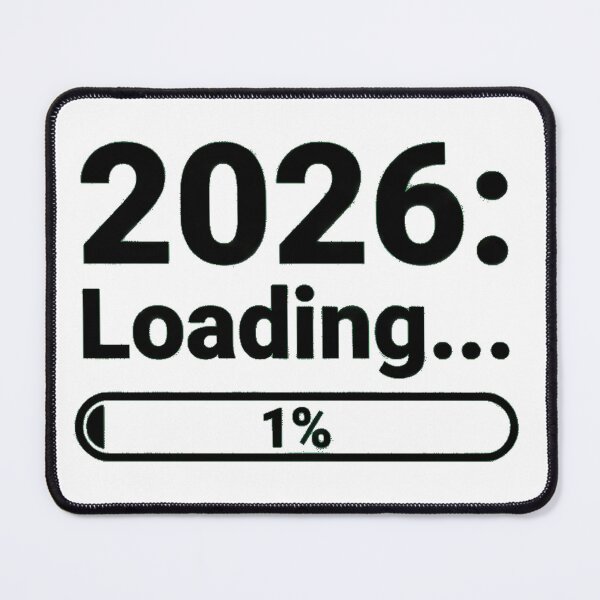Item preview, 2026 Loading Please Wait - Funny Gamer New Year designed and sold by platooz.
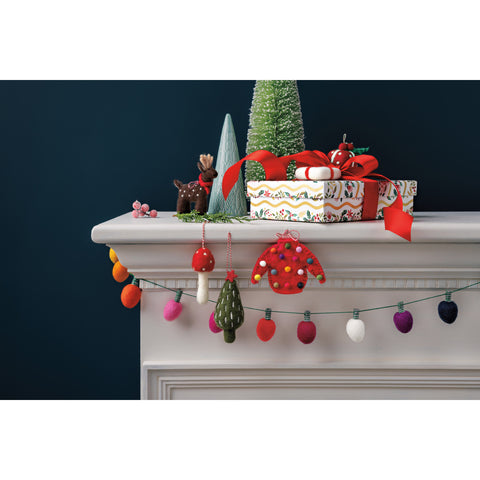 Danica Jubilee Spirits Bright Christmas Felt Garland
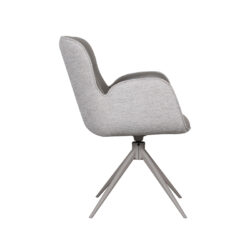 pro_92571_img_9188027 LABEL51 Eetkamerstoelen Lasse - Forest - Kunstleder - Taupe Metalen Frame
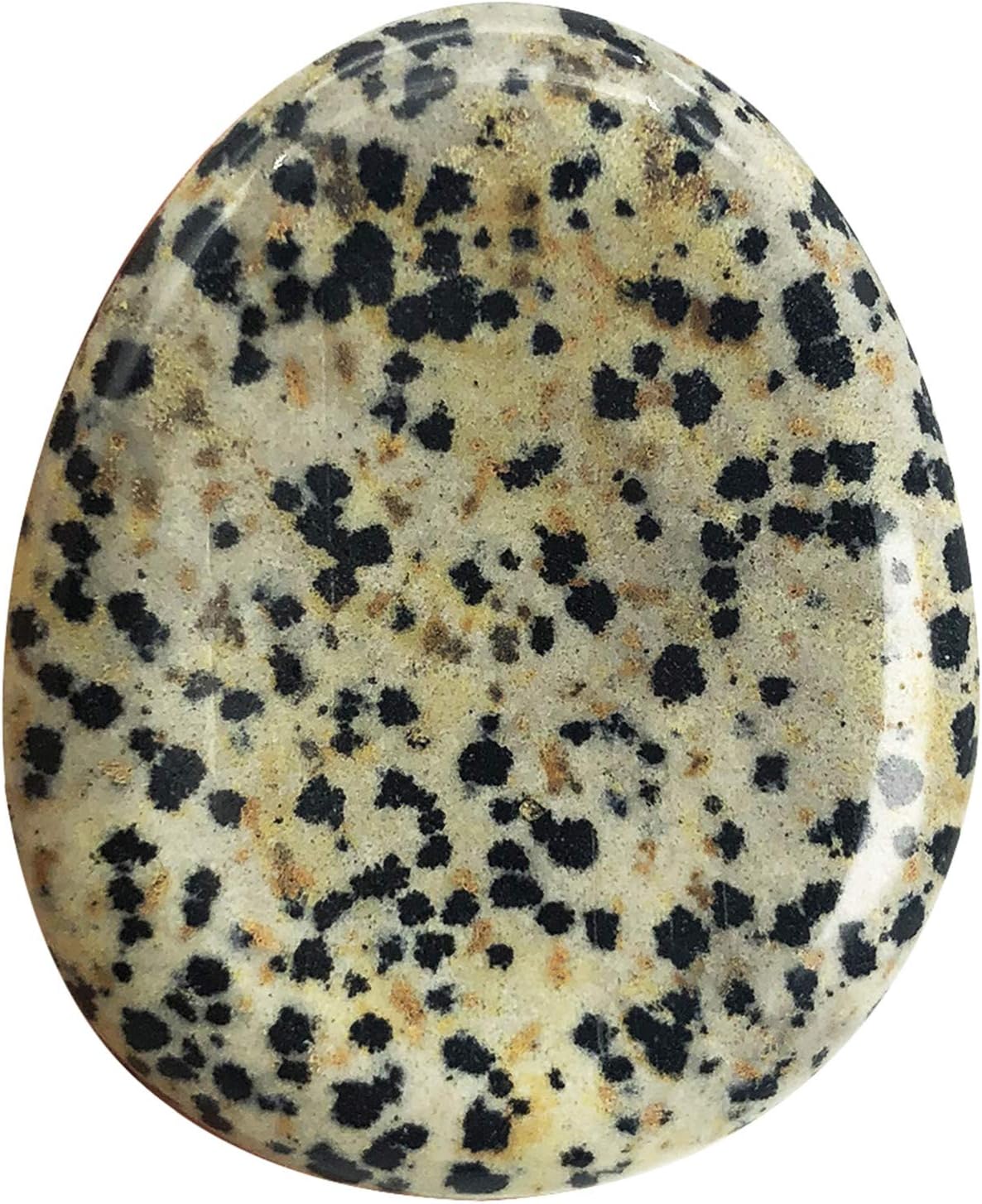 Fekuar Natural Moonstone Crystal Thumb Worry Stone, Hand Carved Healing Crystal Teardrop Pocket Worry Stones for Anxiety Stress Relief Meditation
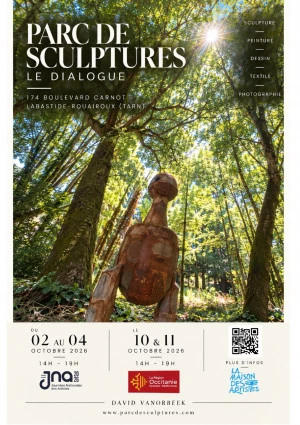 Affiche Exposition sculptures, peintures, dessins, textiles, photographies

**Exercise objective**
What's needed here is an exact repeat of all the records above, pictures excluded.

**Solution to this exercise**
Item preview, 2026 Loading Please Wait - Funny Gamer New Year designed and sold by platooz.
 Danica Jubilee Spirits Bright Christmas Felt Garland
 pro_92571_img_9188027 LABEL51 Eetkamerstoelen Lasse - Forest - Kunstleder - Taupe Metalen Frame
 Fekuar Natural Moonstone Crystal Thumb Worry Stone, Hand Carved Healing Crystal Teardrop Pocket Worry Stones for Anxiety Stress Relief Meditation
 Affiche Exposition sculptures, peintures, dessins, textiles, photographies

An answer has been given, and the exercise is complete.